I seize the opportunity. "I agree that protecting personal privacy is super important, but an agency denied one of my dad's FOIA requests by suggesting it would violate the personal privacy of his kidnappers."

A photo of Terry Anderson taken by his captors in May, 1985. Photo courtesy of the AP

"Oh no," Pustay exclaims. "I think maybe there's sometimes a misunderstanding of why a case has been delayed, and certainly there are going to be examples where you say, 'Oh my goodness, I wish the agency would have done it a little bit differently.' But there are many success stories in FOIA. I see references from requests made under FOIA nearly every single day when I read the paper, and I know then that's what it's all about... We try our best to find lots of different ways to guide agencies on how to implement the process better, because the better it's implemented, the better for the public."

Well, sure. But some say more guidance is needed. Malcolm Byrne, deputy director and director of research for GWU's National Security Archive, was one of the people who assisted my father during his four-year FOIA saga, and says that process was almost as frustrating to watch as it is to experience firsthand.

"The way we process these requests is usually for average citizens with no personal stake in the request or the history," says Byrne. "In your dad's case, he had a very personal right to see this information, so it was even more galling to see him face some of the same excesses and in some cases abuses that average requesters often face... Those were records that not only meant a lot to him, so he could understand what happened to him, but they were extremely important for the rest of us to know. How does our government confront terrorism? How do we deal with hostage-taking? How much do we know about the forces involved, and how ultimately effective are we in dealing with these matters? Those were all hugely important questions, and it was doubly outrageous to see someone in his position who had been victimized by those forces be then dismissed by the agencies."

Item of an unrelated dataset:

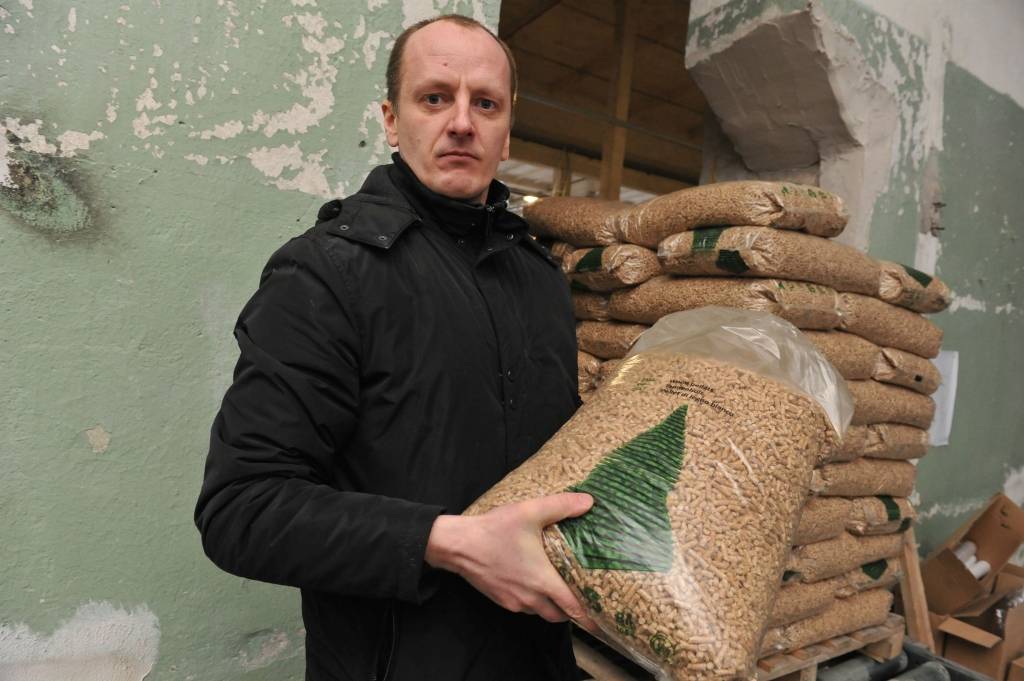 Kokskaidu granulas top bijušajā linu fabrikā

What is lost when journalists and citizens are prevented from obtaining information that could help us learn from our mistakes and change the way we face threats like terrorism? That's a question that's proven incredibly urgent in recent years as we struggle to cope with extremist groups like the Islamic State, who have taken kidnappings and acts of terror to a whole new level of brutality. So why did learning about his own kidnapping become such a Sisyphean task for my father, and why do so many people feel that FOIA has lost its purpose?

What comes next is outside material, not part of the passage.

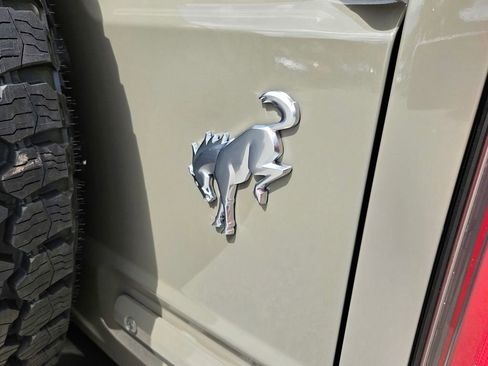 New 2025 Ford Bronco Outer Banks w/ Sasquatch Package image 44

"Make no mistake, federal officials, politicians and bureaucrats are violating the law, just like any other criminals," Attkisson says. "One of the hallmarks of a society that's breaking down is when its leaders exempt themselves from the laws that the public is required to follow, and I think that's happening more and more in our society.

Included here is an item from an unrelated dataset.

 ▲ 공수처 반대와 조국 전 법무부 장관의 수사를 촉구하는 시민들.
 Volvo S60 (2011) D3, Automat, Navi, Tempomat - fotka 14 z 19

"Journalists should be writing about it and putting pressure on them to obey the law," she continues, with steel in her voice. "The only stories the government wants to give you because they like you are propaganda, not the ones about misconduct and flouting of our values. When journalists tell the government, 'We don't work for you,' we might not get their stories, but we'll get better stories, real stories."

So this is my message to our government: I want the real story of what happened to my father. I want to know if and when I decide to file a FOIA request, that it will be answered in a timely fashion, with full disclosure. I want it because it's my story as well, and it belongs to me, to my family, not to reluctant bureaucrats. Give me my story, and give America its story too, because it belongs to us, and we deserve to have it.